Visiting Queenstown especially for the birthday, AJ Hackett said the last 25 years had flown by and Bungy jumping was still “very much in its infancy”.

“Although we’ve been going an impressive 25 years, Henry and I feel like Bungy’s only just begun,” said AJ.

“It’s like jumping into a fast flowing river, it just goes so fast. You’ve just got to ride the river, take the corners as they come and get to the end.

Finishing each other’s sentences like the long-time friends they are, the duo said the last 25 years had felt like an apprenticeship in Bungy, just “dipping their toes” into what was actually possible.

“There’s so much more to come. We’ll certainly be here in 10 years and already today we’ve been brainstorming some new ideas,” they said. . .

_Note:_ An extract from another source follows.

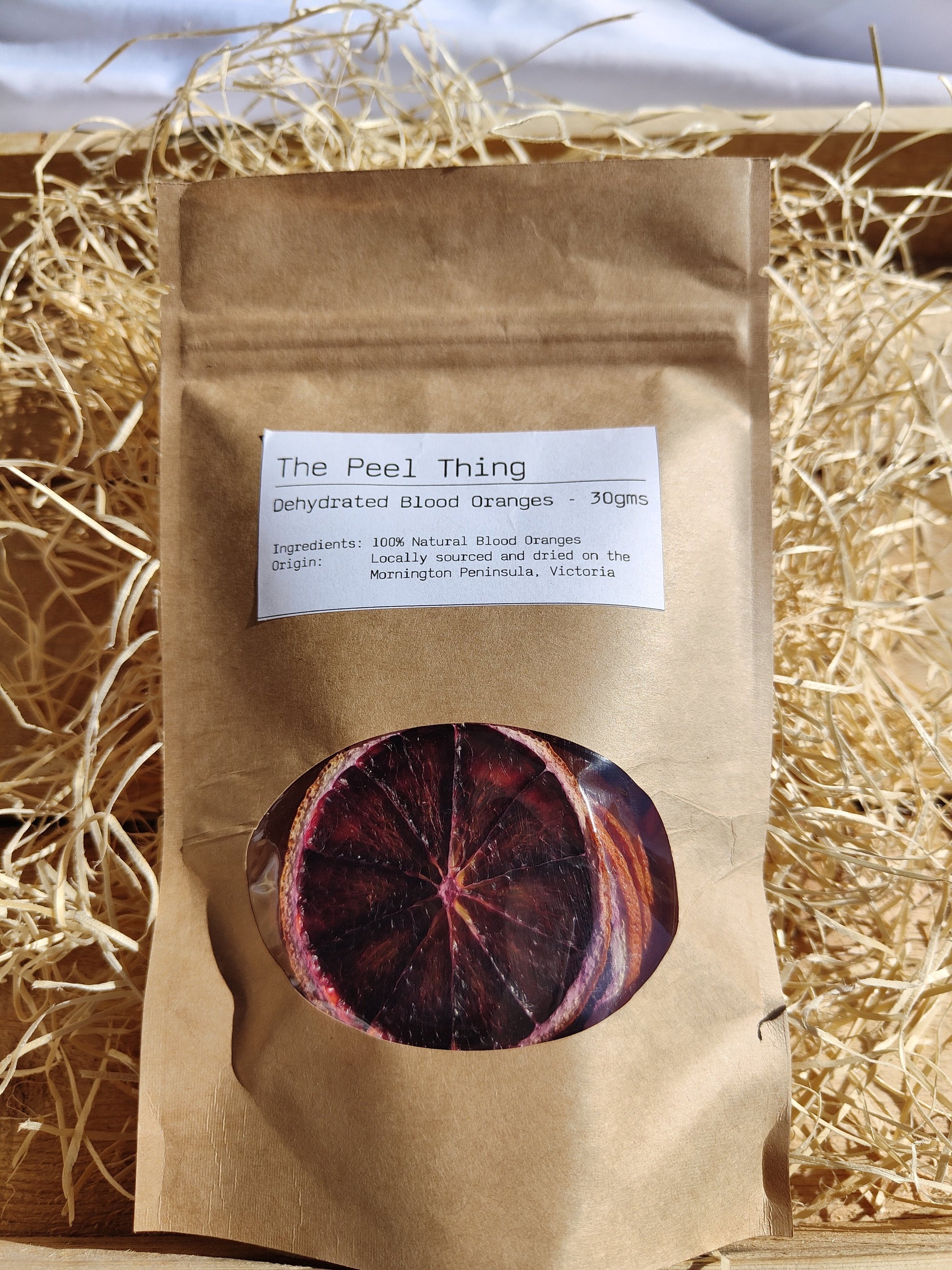 The Peel Thing Natural Dehydrated Blood Oranges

Bungy jumping has made an enormous contribution to New Zealand tourism.

What’s more difficult to quantify is the impact it’s had on those who’ve jumped.

I did it five years ago.

I’m not sure I actually enjoyed the experience but since then when I’ve been faced with a challenge I’m not sure I want to accept I think to myself, if I can throw myself off a bridge, I can do this.

in #gigatownoamaru we’re all thinking we can do this in the quest to be the southern hemisphere’s first gigatown.